We never did things together when we were little. I see my kids all the time and I realise how much he was missing. A few weeks before he died he and I went on a TV programme about fathers and sons. One of the guests was saying that his life had been messed up because his father never said he loved him. Brian said: 'I don't think I've ever told Barry I loved him', and the presenter said: 'Now's your chance', so he said: 'I love you, Barry', and I could see from his face he was really pleased and so was I.

The only difficult time between us was when I was at Eton, which he'd loved and I hated, and all I wanted to do was play in a rock group. Once I started working in the music business we immediately had things in common and from then on we were very close. I saw him on the day he died. I sat and chatted with him for a bit about my kids and work and I gave him a hug and a kiss and said goodbye so I've no regrets at all."

Some parents are easier to talk to dead

Richard Olivier (main picture) is the son of the late actor Sir Laurence Olivier. He runs Wild Dance Events, which stages initiation rituals for young offenders. He describes his experiences in 'Shadows of the Stone Heart'.

"My father was 54 when I was born and until my teens I saw very little of him. I remember him then as a gruff, rather frightening figure. Later, when he was ill, we got on quite well and I became a kind of secretary/companion.

There was a gap in the masculine side of our relationship. Because he was so old I missed being energetic and doing sports with him. Even when I was with him on film sets he was cosseted and pampered. I never got to do any rough and tumble so I never got the message that it is OK to take risks.

I now make a big effort to spend time with my son. It's partly selfish. I'm trying to make up for what I never had. If he doesn't want to play football I can feel myself getting quite annoyed. I try to let him know what I'm feeling. When I can't see him I tell him I miss him. My father never said that so in the void I heard: "I prefer my work to you."

We are witnessing a return to the feminine in our culture, which is very valuable and very important, but it involves a loss of respect for the positive aspects of masculinity. There is a danger that the new caring fathers will become male mothers and smother their son's independence. There is a harder masculine side involving physical adventure that men encourage and women don't.

We've lost any form of initiation to mark the passage to manhood. In tribal societies the father is never responsible for initiating the boy into manhood, that is far too dangerous - they are both interested in the same woman.

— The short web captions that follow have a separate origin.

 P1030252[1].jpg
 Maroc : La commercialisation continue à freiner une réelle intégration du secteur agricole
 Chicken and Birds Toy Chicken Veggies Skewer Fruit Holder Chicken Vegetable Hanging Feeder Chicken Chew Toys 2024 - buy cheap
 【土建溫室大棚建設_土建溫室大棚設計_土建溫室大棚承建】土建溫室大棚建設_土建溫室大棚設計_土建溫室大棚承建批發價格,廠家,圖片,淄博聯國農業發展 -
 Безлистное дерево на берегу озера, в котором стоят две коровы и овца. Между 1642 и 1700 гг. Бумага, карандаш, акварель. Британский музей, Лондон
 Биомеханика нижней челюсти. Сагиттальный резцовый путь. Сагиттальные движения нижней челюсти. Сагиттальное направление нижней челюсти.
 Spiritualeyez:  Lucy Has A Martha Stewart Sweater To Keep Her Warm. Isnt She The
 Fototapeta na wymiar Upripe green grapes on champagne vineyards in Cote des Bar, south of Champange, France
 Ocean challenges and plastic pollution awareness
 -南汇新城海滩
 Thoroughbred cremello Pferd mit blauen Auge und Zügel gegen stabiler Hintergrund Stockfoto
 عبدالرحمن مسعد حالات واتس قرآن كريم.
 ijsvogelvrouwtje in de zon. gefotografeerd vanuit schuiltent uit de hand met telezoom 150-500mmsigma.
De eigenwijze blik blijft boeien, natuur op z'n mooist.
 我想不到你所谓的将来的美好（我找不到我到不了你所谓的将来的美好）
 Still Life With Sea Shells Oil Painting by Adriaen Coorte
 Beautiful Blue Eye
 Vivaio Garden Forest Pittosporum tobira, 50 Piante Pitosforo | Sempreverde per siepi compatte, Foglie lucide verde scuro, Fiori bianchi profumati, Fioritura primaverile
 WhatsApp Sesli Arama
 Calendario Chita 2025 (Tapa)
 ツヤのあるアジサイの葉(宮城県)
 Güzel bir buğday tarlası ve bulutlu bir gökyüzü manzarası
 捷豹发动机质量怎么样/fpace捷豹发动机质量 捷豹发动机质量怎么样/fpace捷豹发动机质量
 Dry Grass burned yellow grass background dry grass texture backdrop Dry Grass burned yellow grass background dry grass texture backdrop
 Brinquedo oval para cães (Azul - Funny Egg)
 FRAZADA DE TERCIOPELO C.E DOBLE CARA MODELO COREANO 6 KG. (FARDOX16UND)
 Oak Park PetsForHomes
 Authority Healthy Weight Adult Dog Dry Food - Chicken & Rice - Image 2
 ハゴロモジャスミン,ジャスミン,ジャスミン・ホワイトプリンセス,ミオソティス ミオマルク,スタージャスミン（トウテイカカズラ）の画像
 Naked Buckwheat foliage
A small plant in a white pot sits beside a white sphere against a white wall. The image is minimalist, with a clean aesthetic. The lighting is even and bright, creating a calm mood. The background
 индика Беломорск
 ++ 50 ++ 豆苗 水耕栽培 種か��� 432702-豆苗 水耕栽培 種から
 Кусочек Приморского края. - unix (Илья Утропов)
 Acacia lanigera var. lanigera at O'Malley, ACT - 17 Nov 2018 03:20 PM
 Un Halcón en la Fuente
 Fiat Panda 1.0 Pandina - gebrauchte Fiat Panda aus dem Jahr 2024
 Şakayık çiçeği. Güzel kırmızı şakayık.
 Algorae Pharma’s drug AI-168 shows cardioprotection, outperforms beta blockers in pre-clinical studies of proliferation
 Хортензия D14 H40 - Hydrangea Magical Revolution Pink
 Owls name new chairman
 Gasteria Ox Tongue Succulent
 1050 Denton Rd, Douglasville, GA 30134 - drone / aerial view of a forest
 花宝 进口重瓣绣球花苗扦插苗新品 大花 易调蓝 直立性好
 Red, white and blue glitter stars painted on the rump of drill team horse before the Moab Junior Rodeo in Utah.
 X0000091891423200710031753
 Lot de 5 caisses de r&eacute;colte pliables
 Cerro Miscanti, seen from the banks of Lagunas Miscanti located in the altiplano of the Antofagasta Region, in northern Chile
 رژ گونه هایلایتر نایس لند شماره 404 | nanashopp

That is the job of a mentor, another older man. We've lost that idea and I think that is partly why we are so confused about masculinity.

I want my son to have the idea that you can trust men and that men can nurture you as well. But if boys' hearts have to be opened by women they think that only women have open hearts. Then the only relationship they can have with other men is competitive.

Some parents are easier to talk to when they are dead. I went through the stages of blaming my father for not being there and feeling anger at him and beyond that a sadness for both of us and finally an acceptance. His fame had given me so much grief that it has taken me a long time to honour his greatness. Now I feel closer to his spirit than when he was alive."